1. Basic Concept of Rearrangement
Rearrangement refers to the process where atoms or functional groups within a molecule undergo relative positional changes, leading to a reorganized molecular structure. Such changes may involve stereochemical adjustments, such as cis-trans isomerism or enantiomeric conversion, or electronic effects like the formation/disruption of conjugated systems. Rearrangements are dynamic equilibrium processes often accompanied by energy shifts.
2. Structural Features of Vinyl Acetate
Vinyl acetate (C₂H₃O₂) is an organic compound containing a carbon-carbon double bond and a carbonyl group. Its structure dictates potential rearrangement pathways during reactions. For instance, epoxidation can generate cyclic derivatives with diverse ring structures.
3. Rearrangement Methods of Vinyl Acetate
3.1 Epoxidation Reaction
Epoxidation is one of the most common rearrangement methods for vinyl acetate. It introduces an oxygen atom onto the carbon-carbon double bond, forming an epoxide. This can be achieved via multiple approaches, including peroxides, hydroperoxides, or acid/base catalysis. The resulting epoxides can subsequently undergo ring-opening, addition, or elimination reactions to yield other compounds.
3.2 Nucleophilic Substitution Reaction
Nucleophilic substitution is another key rearrangement method. By attacking the carbonyl carbon of vinyl acetate with nucleophiles (e.g., amines, alcohols, thiols), rearrangement occurs. This process typically involves carbanionic intermediates, followed by proton or solvent elimination to release products.
3.3 Radical Rearrangement
Under specific conditions, vinyl acetate may undergo radical rearrangement. This involves radical formation and reorganization, often initiated by light, heat, or ionizing radiation. Radical pathways can produce unique compounds with distinct physical and chemical properties.
4. Applications of Rearrangement
Rearrangement methods for vinyl acetate hold both theoretical and practical significance. Epoxidation products, such as epoxides, are precursors for epoxy resins, polyurethane foams, and other polymers. Compounds derived from nucleophilic substitution serve as chiral catalysts, pharmaceutical intermediates, or natural product analogs.
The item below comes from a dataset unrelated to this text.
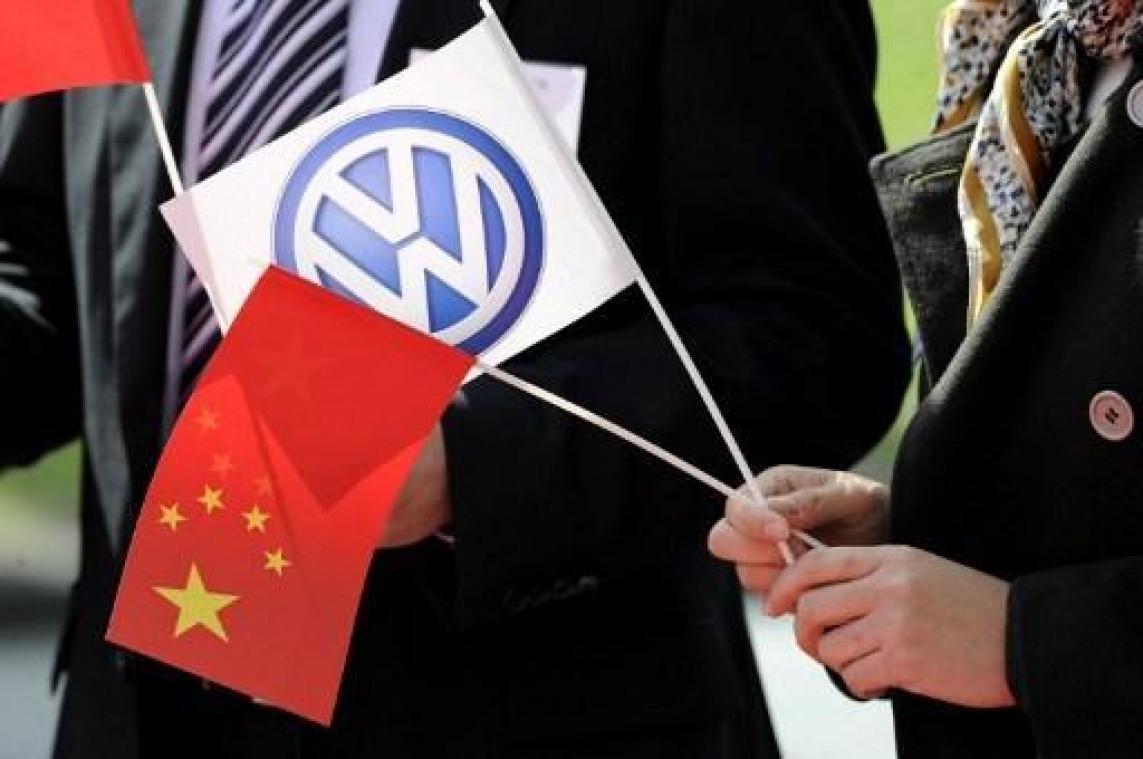 Volkswagen opent nieuwe fabrieken in China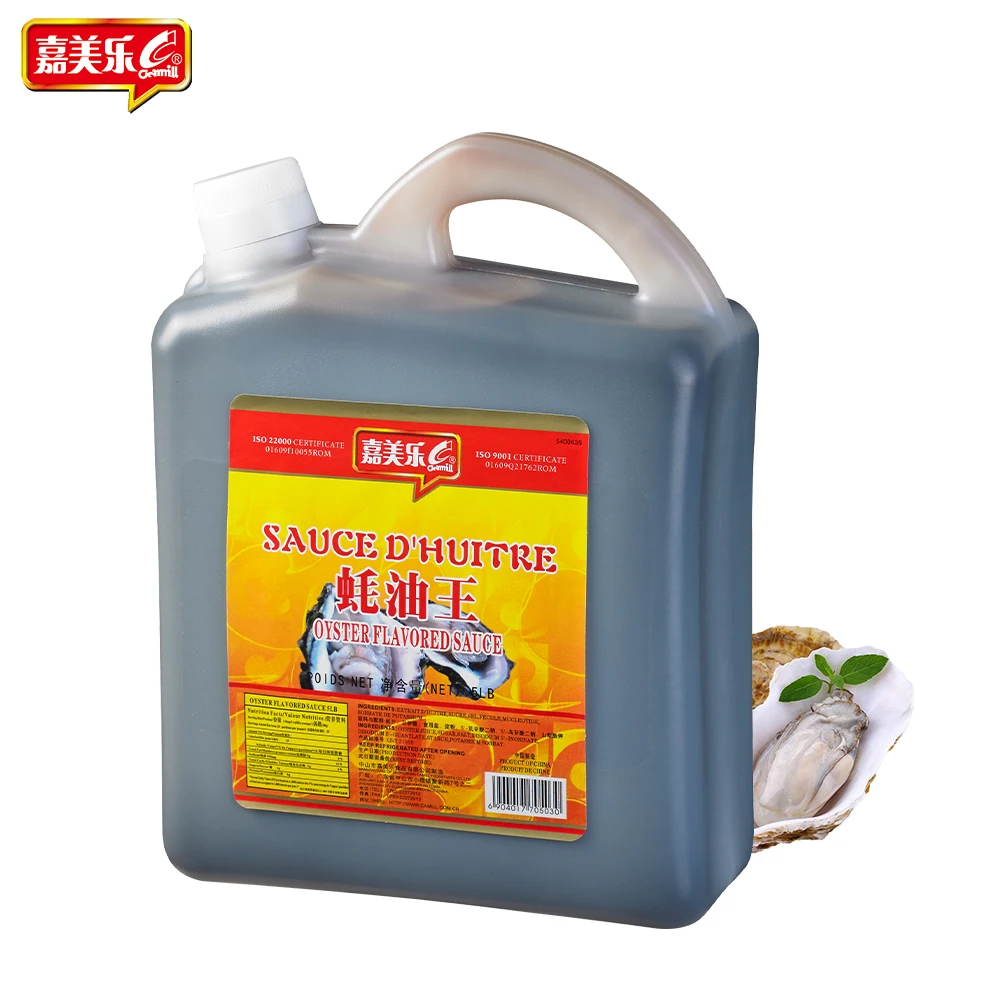 Бесплатные образцы оптовая продажа вьетнамские морепродукты приправы соевый Премиум устричный соус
Radical rearrangement-generated compounds play critical roles in organic synthesis, particularly in designing complex molecular architectures and functional materials.
5. Future Perspectives
Advances in science and technology will deepen our understanding of vinyl acetate and its rearrangement methods. Future research may focus on improving efficiency, optimizing reaction conditions, and exploring novel rearrangement pathways. Additionally, aligning with green and sustainable chemistry, efforts will prioritize reducing harmful byproducts and enhancing resource utilization.
rearrangement methods of vinyl acetate are not only a cornerstone of organic chemistry research but also a gateway to chemical innovation. By mastering these methods, we can develop more practical organic compounds, contributing to societal progress.